A more amusing moment on the soundtrack comes in the form of “Your Wife is Calling”, with Grohl, Hawkins, Johannes, Smear, and Lee Ving. It’s a punk rocker with a silly lyrical bent, and is reminiscent of early, mid-90s Foos musically. “From Can to Can’t” has a lineup of Grohl, Rick Nielsen, Scott Reeder, and Stone Sour’s Corey Taylor on vocals. Taylor’s emotive delivery and lyrical melancholy goes a long way to guiding this song, which is quite beautiful.

“Centipede”, with Goss, Grohl, Johannes, and Josh Homme on vocals, is a dizzying little acoustic riff that showcases Homme’s eerie delivery quite well. It sounds a bit like an unplugged Queens of the Stone Age. Grohl’s touch comes in when the electric instruments kick in halfway through the song, Homme’s voice a sturdy murmur against the ascending riffage. “A Trick with No Sleeve” is built from the trio of Grohl, Homme, and Johannes, who takes the mic in this drum-heavy and trippy rocker.

Next is “Cut Me Some Slack”, the track that led the Nirvana reunion with Paul McCartney on vocals during the song’s debut at the 12 12 12 Hurricane Sandy benefit concert.

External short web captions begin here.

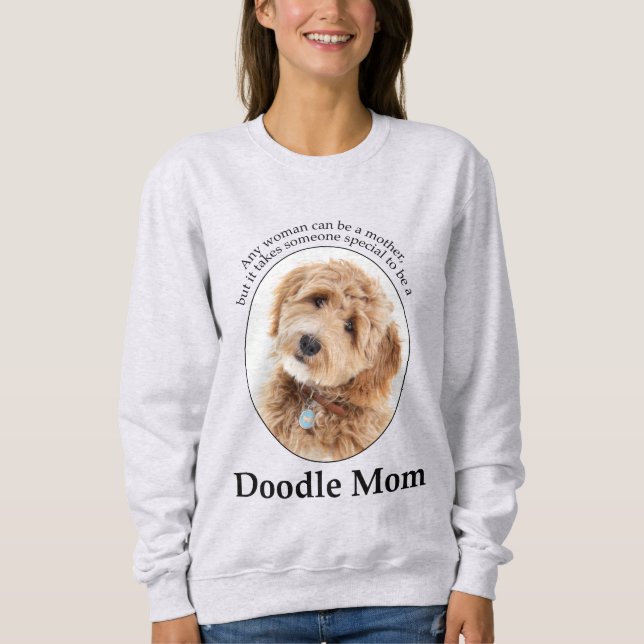 Sudadera Doodle Dog Mom (Anverso)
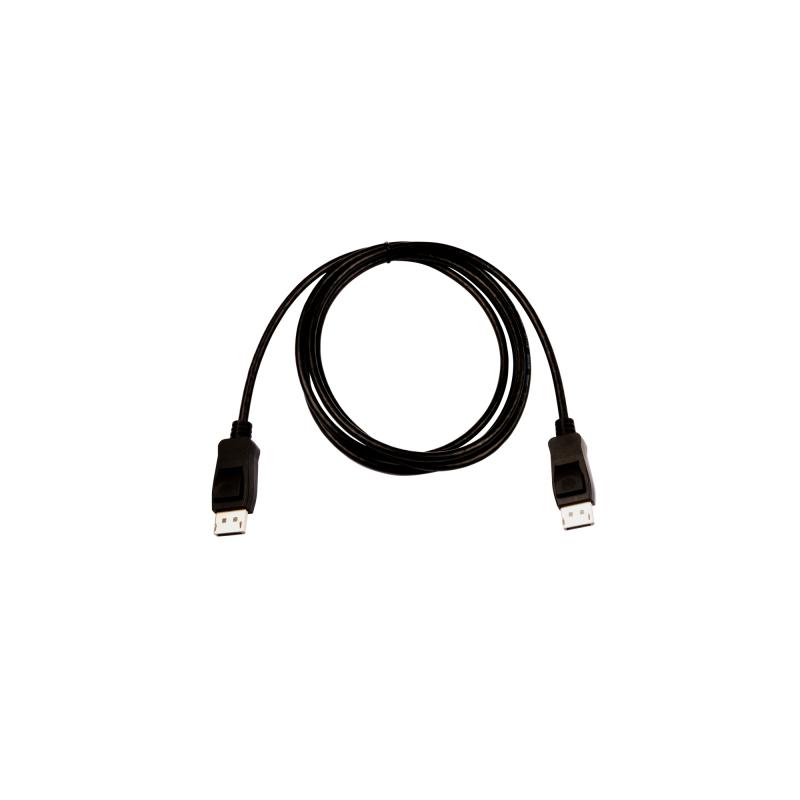 cable-de-video-negro-pro-displayport-macho-a-displayport-macho-2m
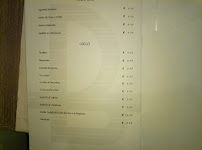 Barra Pescheria con Cucina - Monterotondo à Monterotondo menu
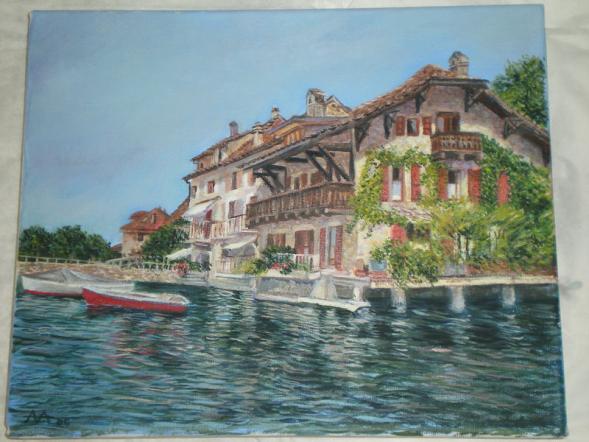 L'inspiration de Mary Shelley - Ángeles Antolí - Click to enlarge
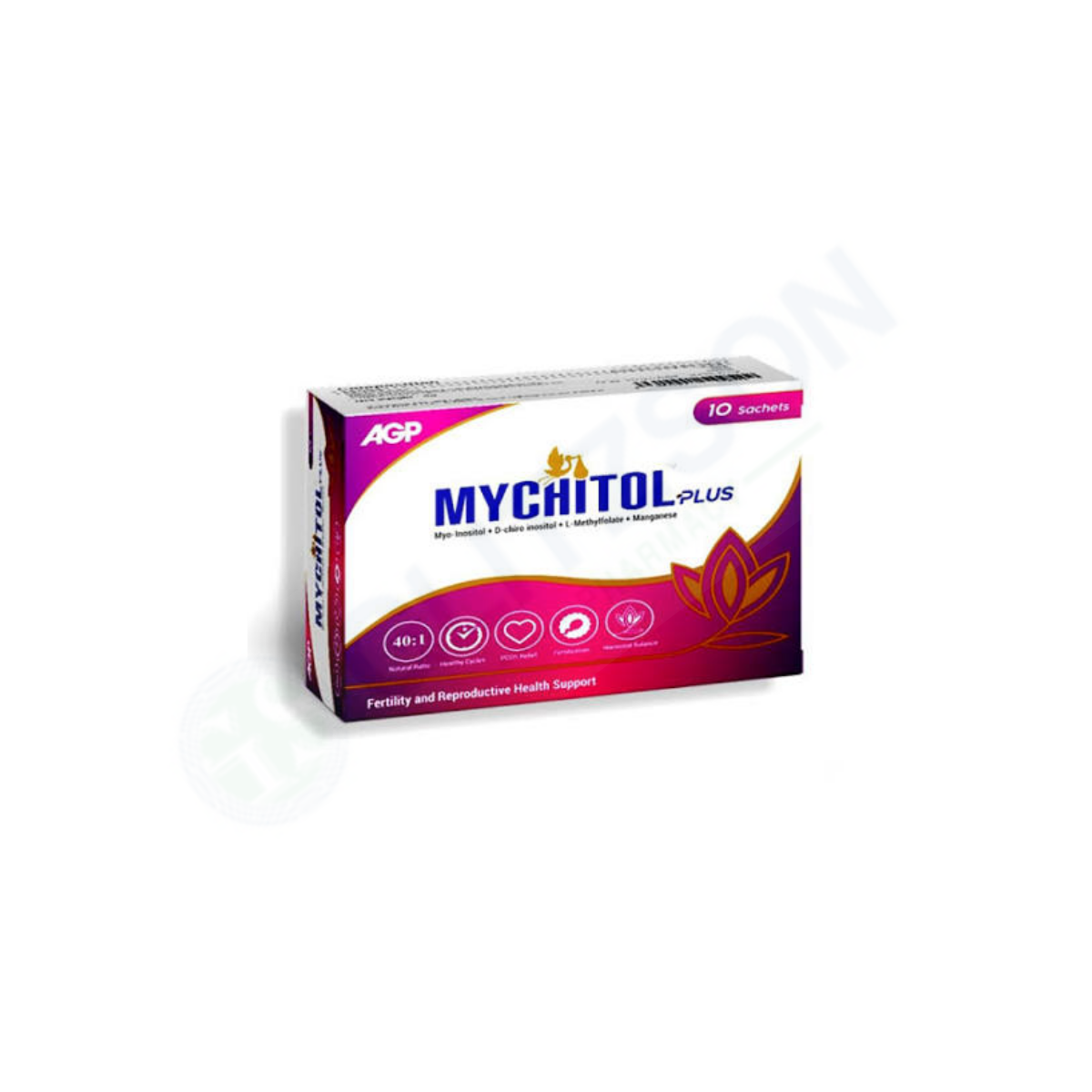 Mychitol Plus Sachets (1 Box = 10 Sachets)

The studio version manages to evoke the same energy and presence that its live counterpart did, with indulgent guitar solos and crisp vocals from McCartney. The song builds and builds to quite a satisfactory conclusion.

“If I Were Me”, with Jessy Green, Grohl, Jaffee, and Jim Keltner, Grohl proves his acoustic prowess, taking a rare lead vocals position. If you enjoy the lighter Foo Fighters offerings over the years (like disc two of In Your Honor), you’ll love this one, especially with the light piano touches. This is actually one of the softest Grohl moments in probably his whole career. The last track, “Mantra”, is the daunting combination of Grohl, Homme, and Reznor. The bouncy backdrop of piano and light guitar fits in against Grohl’s subtle delivery, which is only augmented by Trent Reznor’s backing vocals. Reznor and Grohl weave their voices into a delicate tapestry supported by percussive beats and occasional piano trills midway through this one. It has the big layering crescendo typical of Reznor’s work, and is quite impressive. It also features a lengthy Nine Inch Nails-esque bass and effects-heavy breakdown.

With an impressive lineup of some of the best musicians still in the game, there’s virtually nothing to dislike about Sound City: Real to Reel. The influence of all of these extraordinarily talented musicians means that you don’t just hear the exclusive musical leanings of Grohl. From the eerie acoustics of Josh Homme’s work, the sullenness of Corey Taylor’s contribution, and the gradation of Reznor’s tune, you can tell that these were all collaborations between these musicians. Grohl may have been commandeering force behind the film and the soundtrack, but he lets plenty of others take the reins, resulting in a one hour musical tour de force.